Today, he is happily married to Taiwo Harrison with two lovely kids, Fathia and Salam Harrison. But his only regret is that providence did not find him on time and he had not been lucky to get honest hearted people to work with. He said, “Yes, my regret is that providence did not know me on time and that all my life, I have not been very fortunate to meet very trustworthy people. I hate people who are not sincere. I have been very, very unlucky in my voyage towards life. It has been one area trying to see if you can make life out of this place and you see them wanting to swindle you. Sometimes I see people who want to swindle me, I just pay deaf ears. I was worried. At a time, I had to tell producers to just allow me to be working for them. I will tell them not to pay me because I just want to have the sense of productivity, that I can be productive to anybody. I did that so that I can be engaged and have a psychological sense of engagement because nobody wants you around and there is this kind of reprehension, nobody is calling you because you are not a star.”
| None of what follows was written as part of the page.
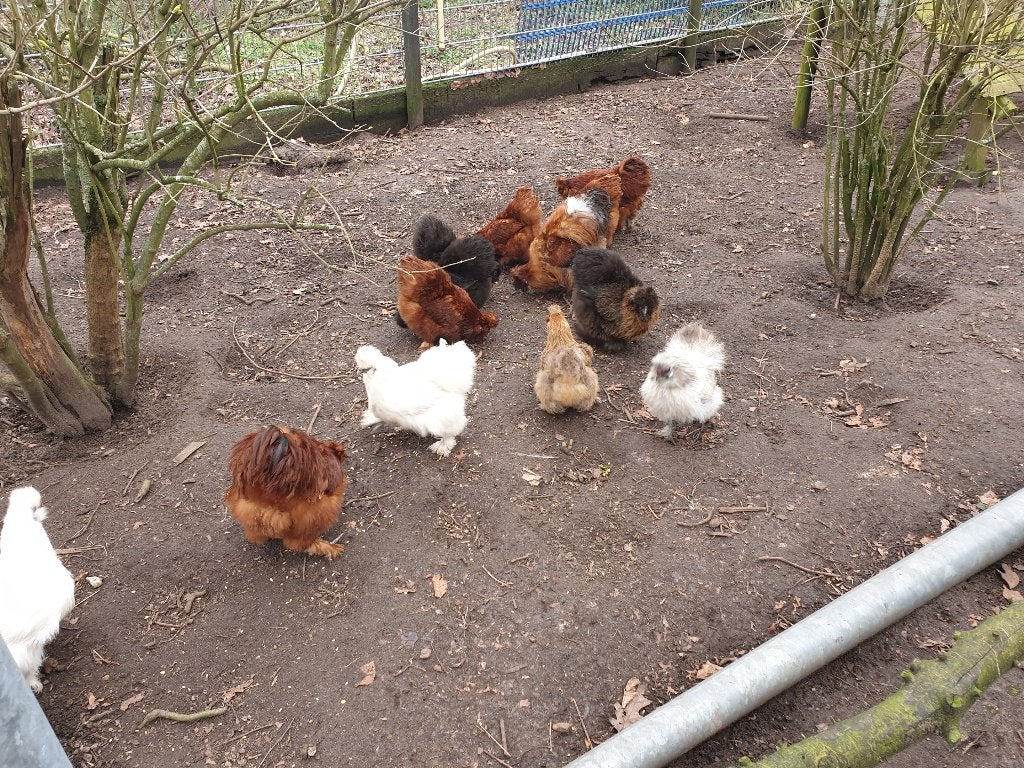Mooie broedeieren van prachtige Zijdehoen diverse kleuren, Dieren en Toebehoren, Geslacht onbekend, Kip
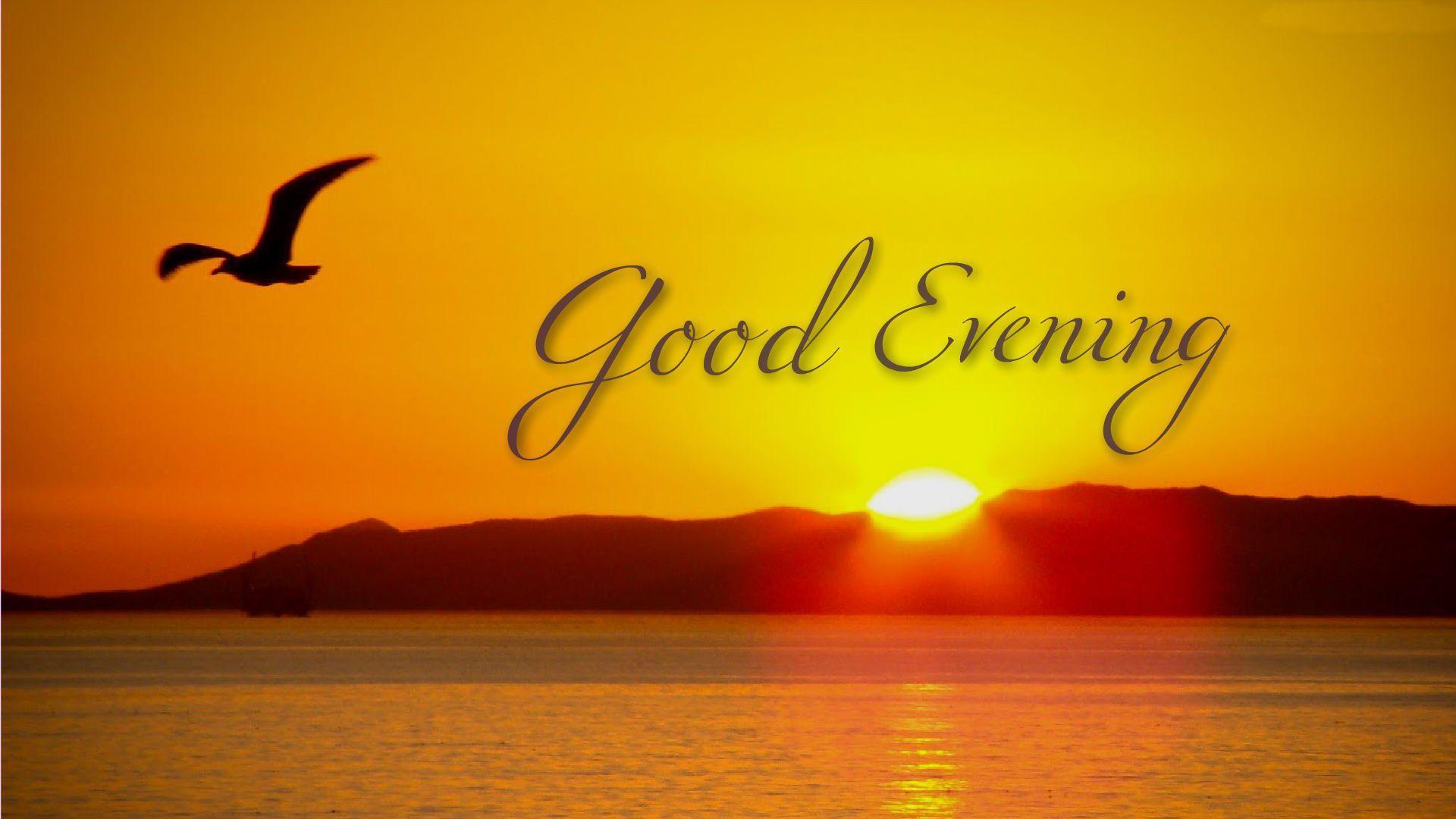 Tramonto con uccello e scritta, 1920x1080 Full HD 1080p, Desktop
His advice for upcoming artists, “I will tell them not to be desperate because desperation has never worked for anybody. It will either make you step on toes or take your life. I always tell people I waited for my time and it is after over 20 years that God is now making me reap the fruit of my labour. Everybody has an appointed time with God, so they should wait for their time. Although I do not pray that anybody goes through what I went through but if you believe so much in the miracle and wonder of God, you will get there in no time. So patience is the watchword. Don’t be desperate, be patient and be calculative and don’t always lock yourself in the shell, always be productive. Always put in your intellectual property into any sphere you meet yourself, your knowledge might discover you.”